But other government actions could conceivably work. For example: stop subsidizing fossil fuel companies and redirect those funds to renewable energy infrastructure projects. Some of the technologies funded will be wasteful dead ends (Wind Power), while others could provide us energy independence without the need to keep Droneing brown people who happen to live near petroleum deposits.
This. This is the problem with G's.
It's not that any of that is outside the capability of government. Or just not possible. It's just not going to happen. Every incentive of every actor in the chain of actions necessary for it to happen is aligned against it happening. If it happens, it will be because something outside business as usual forced it to happen, in a way urgent enough to overcome all that systematic resistance.
But G's are trained to think of government as their buddy. Their big, friendly Mastodon. And since they often produce or agree with the studies and minor adjustments used to steer the beast, they tend to think the beast is under their control. See how they ride it, and it goes where directed?
But the beast is too big and insensitive to control. It can be guided more or less effectively. But none of the inputs lead to predictable outputs. It's guiding, not steering, and none of the "guides" is working with or coordinating their efforts with other guides. Pretense of control is as silly as pretending to control economies. It's just stories people tell themselves so they can sleep at night.
The Mastodon has the strength to lift logs and rip trees out of the ground. So when looking at building something, like a log cabin, it's natural to see the trees, the Mastodon, and think we should use the Mastodon to clear the land and lift the logs to build the cabin. After all, each task individually is within the capability of the Mastodon.
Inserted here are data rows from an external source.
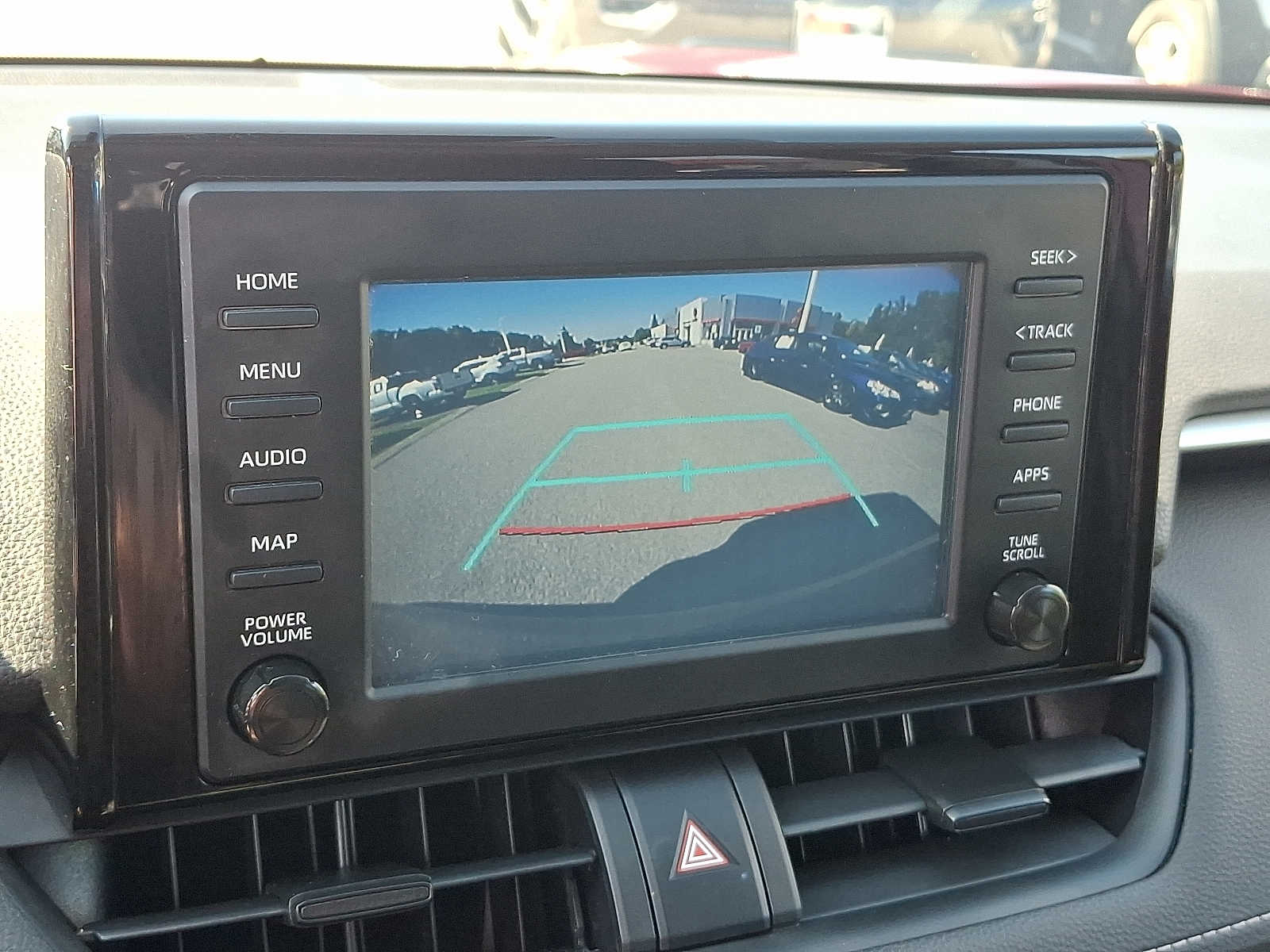 Thumbnail: 2019 Toyota RAV4 - 20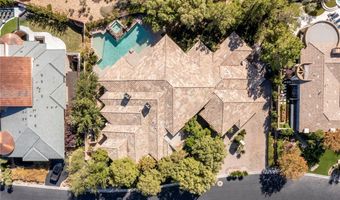 33 Promontory Ridge Dr, Las Vegas, NV 89135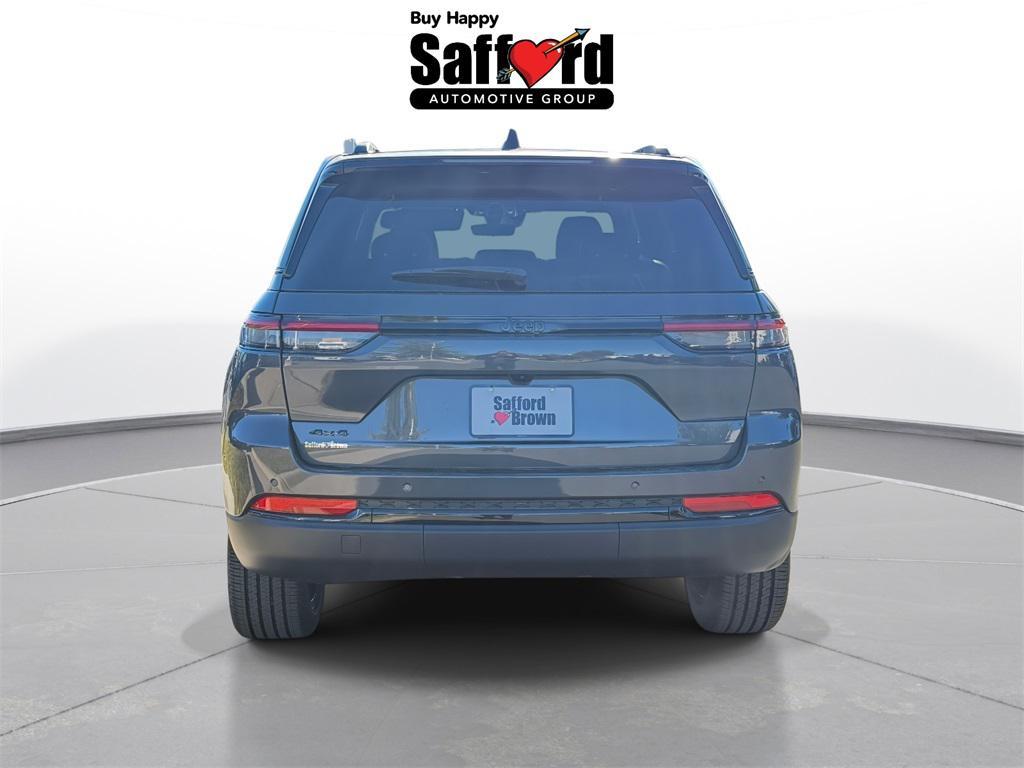 new 2025 Jeep Grand Cherokee car, priced at $39,320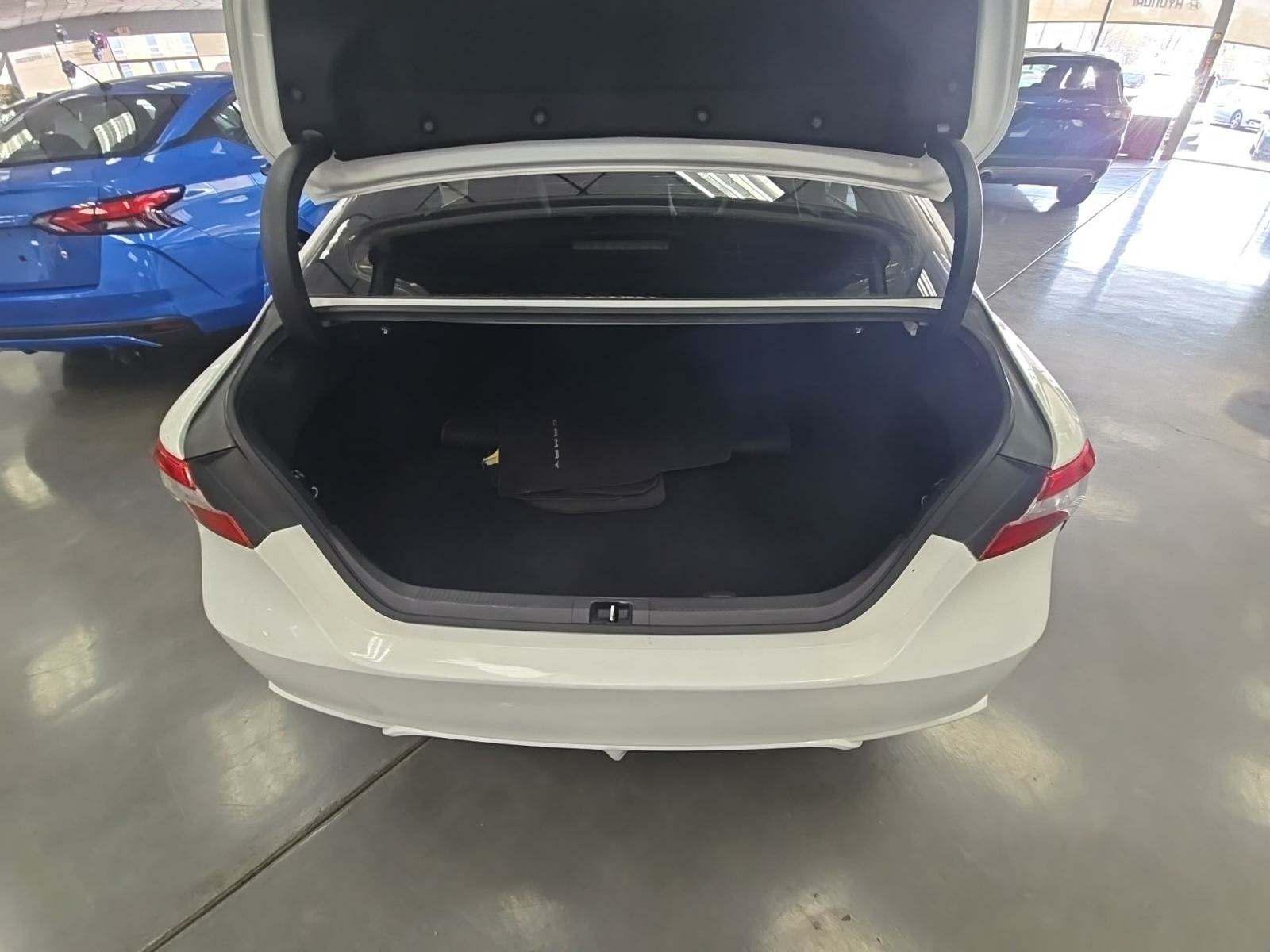 2018 Toyota Camry SE FWD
But we have had this Mastodon for a while now. And when we look at projects that it has been used for, they look nothing like a cabin. Some of them were woods, and now are bare earth and piles of logs, but mostly, they look like trampled trees that used to be woods. None look like cabins. Some we're cabin-like, but they were built around the Mastodon, and didn't make it through the day the Mastodon changed it's mind.
I understand the appeal of using a strong lever one thinks one controls. I just haven't seen that example where using a Mastodon for anything but destruction results in something I would consider worth the cost.
And cost actually matters here. Who pays. How much. When. Those are factors that need to be balanced to get through this century without an active, and destructive, massive reduction in human population. Those are the stakes, billions of lives and deaths. Are we really going to entrust that to the same people who can't pay for SS, balance a budget, or even stop bickering about who uses which bathroom?